A paycheck generally includes a bewildering collection of terms, acronyms and numbers that detail your gross earnings and numerous adjustments and deductions to arrive at your take-home pay. Adding to the confusion, employers are not required to use consistent terminology on earnings statements. Some employers use the acronym FIT to indicate deductions for federal income tax.
Employees generally receive a paycheck along with additional information -- an earnings statement -- explaining how the amount on the check was calculated. The information can be printed on a pay stub attached to the check or can be provided as a separate document. The earnings statement also includes information on accrued sick leave, annual leave and other benefits such as contributions to a retirement plan.
Gross Pay and Net Pay
Your earnings statement indicates your gross pay, which is the total amount of money earned for the pay period prior to any deductions. The statement also has an entry for net pay, which is the actual amount of money you have left, known as take-home pay, after reductions are made for taxes and other deductions.

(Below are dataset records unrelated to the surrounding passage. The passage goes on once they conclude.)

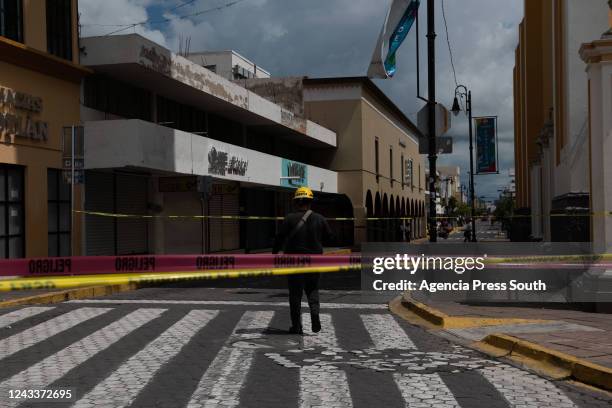 General view of damaged buildings after a 7.7 magnitude quake struck the west coast in Michoacan State after a drill to commemorate two prior...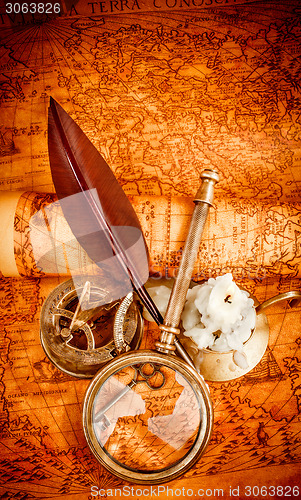 Image of Vintage still life. Vintage items on ancient map.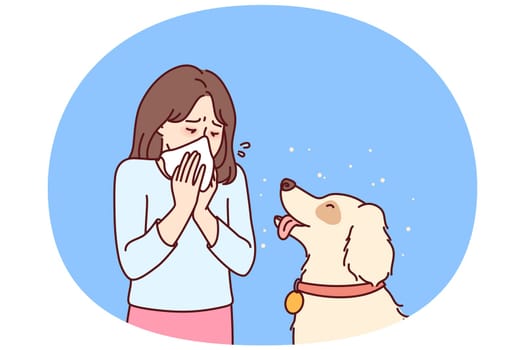 Little girl with dog suffers from allergies and uses handkerchief when communicating with beloved pet. Teenager child blows nose into paper napkin due to allergies or rhinitis caused by dog hair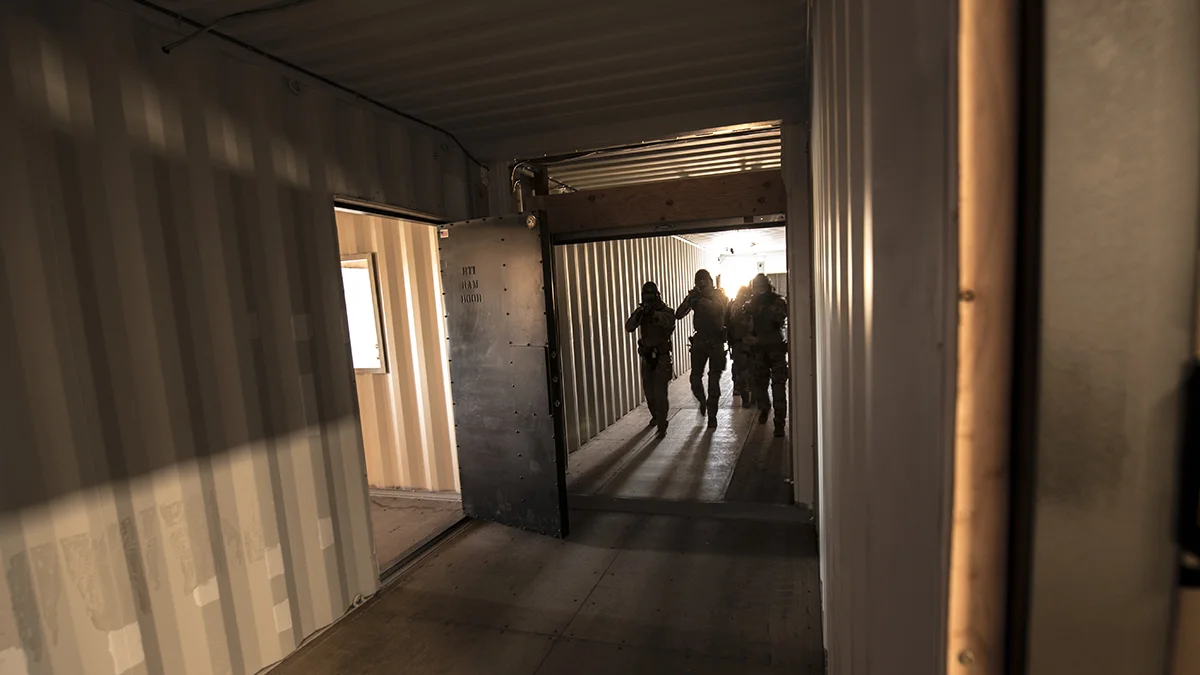 A tactical team hones their skills in entering a hostile building at the newly constructed “shoot house” at Kingsley Field in Klamath Falls, Oregon, during a competition organized for its grand opening, July 24, 2019. The facility is the only one of its kind within a four hour driving radius and represents valuable training for both Airmen and community law enforcement partners. (U.S. Air National Guard photo by Master Sgt. Jefferson Thompson)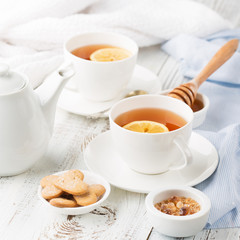 Two cups of hot black tea, lemon, homemade cookies and honey on white rustic wooden background. Selective focus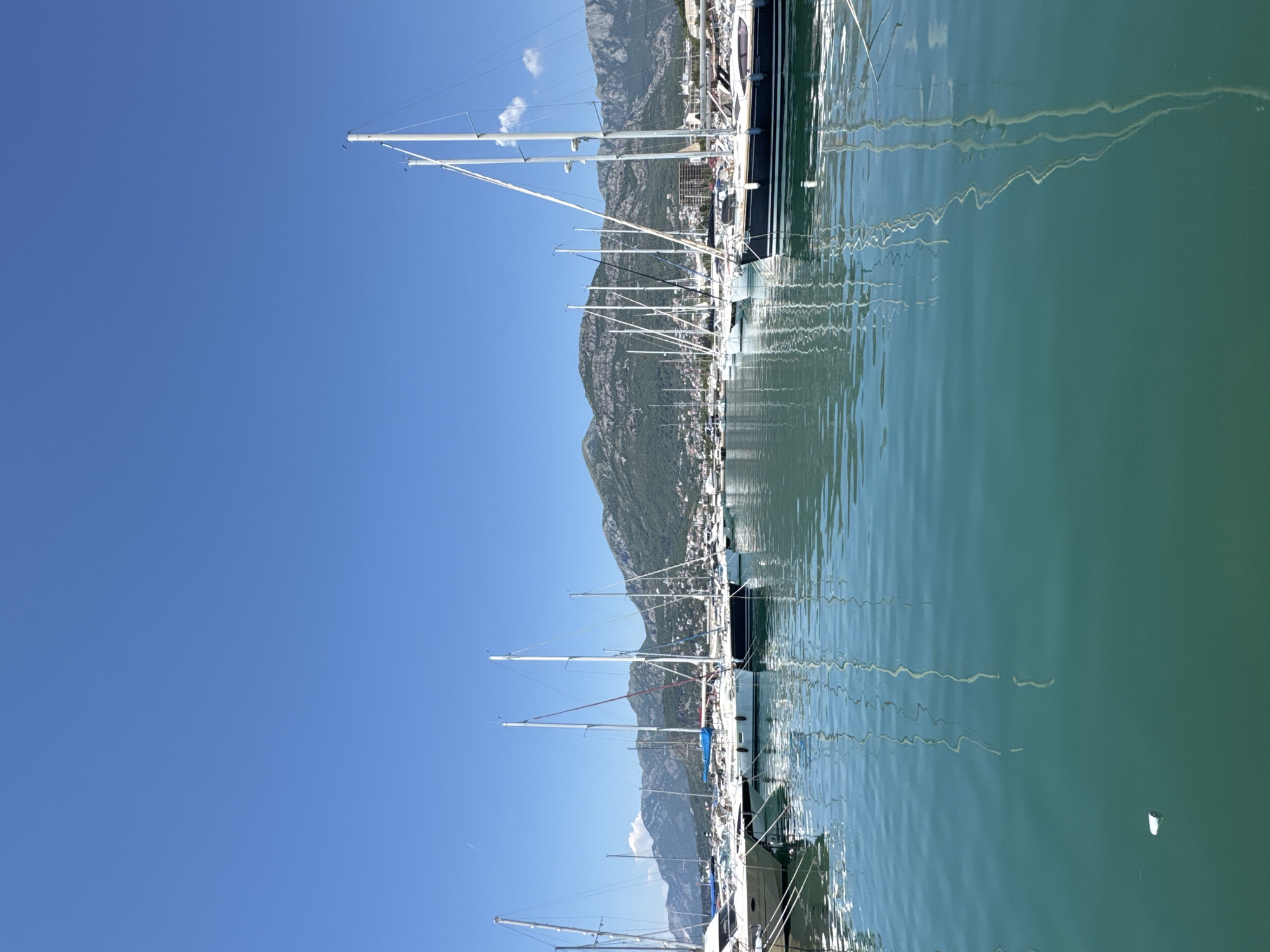 Bar, Montenegro's marina and waterfront promenade on a sunny afternoon.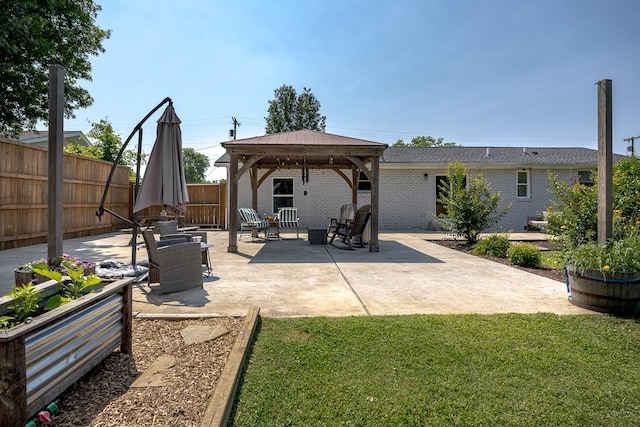 3120 Larkspur Dr, Nashville, TN 37207 - rear view of house with a gazebo, a patio area, and brick siding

FIT represents the deduction from your gross pay to pay federal withholding, also known as income taxes. FIT deductions are typically one of the largest deductions on an earnings statement.
The federal government also requires deductions from gross earnings for Social Security and Medicare. There are generally deductions for state or local taxes as well. Deductions for other categories may also be listed, such as union dues or employee contributions to retirement plans.
Earnings statements typically contain information beyond an accounting of gross earnings, deductions and net pay for the pay period. The details vary from employer to employer, but earnings statements often include cumulative earnings and deductions for the year, the amount of annual leave accrued and used, summary of sick leave accrued and used, details of hours worked and the types of hours, such as straight time or overtime.